# Galveston channel West of Cruise Terminal



## RandyM (Jul 14, 2005)

Caught this 38 inch red on live shrimp, Tuesday 10/18.


----------



## going_deep (Apr 13, 2014)

Uugghh....guess I'll start it.
No tag?


----------



## RandyM (Jul 14, 2005)

Yes, tagged it when I pulled it out of the water, and removed the tag before it was cleaned.


----------



## Bocephus (May 30, 2008)

going_deep said:


> Uugghh....guess I'll start it.
> No tag?


Uugghh....way to go Jr. Game Warden 

Nice red Randy !


----------



## Gofish2day (May 9, 2006)

Very nice Red! Great color


----------



## texasred (Jan 29, 2005)

Very nice!


----------



## Flounder Face (Jun 20, 2012)

Yeah, nice fish. And on this forum it is best to leave the tag on for the pic, and maybe post the expiration date of your fishing license too. And if you were driving that vehicle parked behind you we need to see your drivers license as well. But seriously thanks for the pic and glad you had the opportunity to get out on the water and enjoy the day.


----------



## jpdarby2 (Aug 17, 2016)

That's a Solid Red, congrats!


----------



## jpayne (Jan 11, 2017)

Nice redfish, sir. Gonna make some good nuggets.


----------



## Hawglife (Mar 9, 2014)

Flounder Face said:


> Yeah, nice fish. And on this forum it is best to leave the tag on for the pic, and maybe post the expiration date of your fishing license too. And if you were driving that vehicle parked behind you we need to see your drivers license as well. But seriously thanks for the pic and glad you had the opportunity to get out on the water and enjoy the day.

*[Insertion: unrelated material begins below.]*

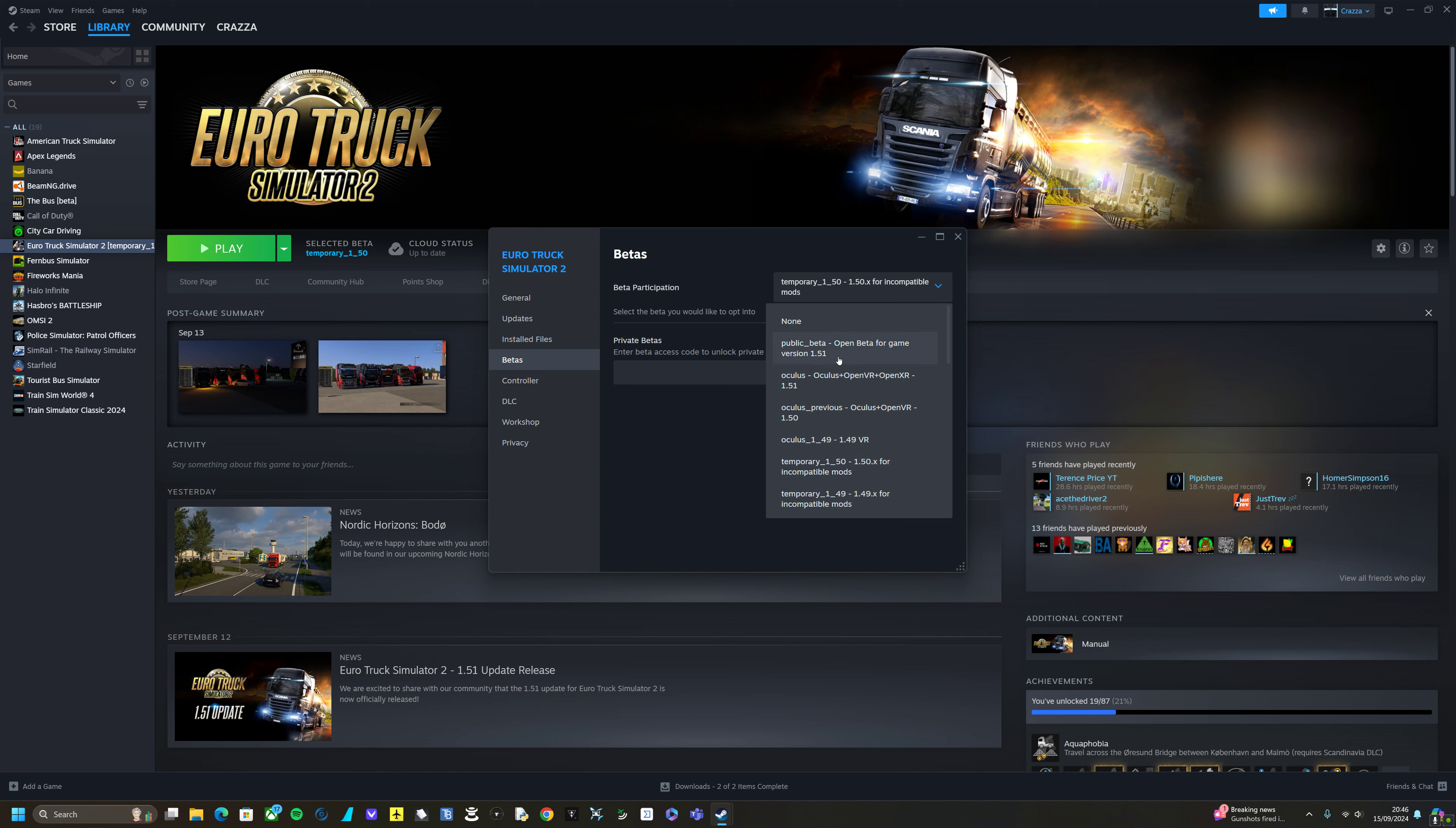So you just select your game version from here and that's it. You know, this is the one you'd do for 1.50, which is the one you need currently.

Haha, yeah and to be safe, go ahead and post a picture of your passport, so we could have two forms of identification to verify.
Nice red, thanks for posting!


----------



## Sea Pro 210cc (May 19, 2015)

Awesome!


----------



## waypoint (Jun 11, 2004)

By the way, we will need you to remove your hat and sunglasses and try to get the happy smile of your face. We have to make sure everything matches your TDL and passport. LOL... 

Awesome fish. bet you had fun pulling that in.


----------



## RodDog (Feb 11, 2005)

Tagged...








Sent from my SM-G935V using Tapatalk


----------



## Flounder Face (Jun 20, 2012)

lol, looks legit.


----------



## Billphish (Apr 17, 2006)

Uugghh..you used live bait?!


----------



## Rawpower (Jul 4, 2011)

Great catch! I bet he put up a heck of a fight. Congrats!


----------



## rsulgo75 (Jun 11, 2017)

We'll done. Great pic!

Sent from my SAMSUNG-SM-G930A using Tapatalk


----------



## Scotty2380 (May 19, 2017)

Awesome!


----------



## going_deep (Apr 13, 2014)

RodDog said:


> Tagged...
> View attachment 3931914
> 
> 
> Sent from my SM-G935V using Tapatalk


How did I over look that....Doh!


----------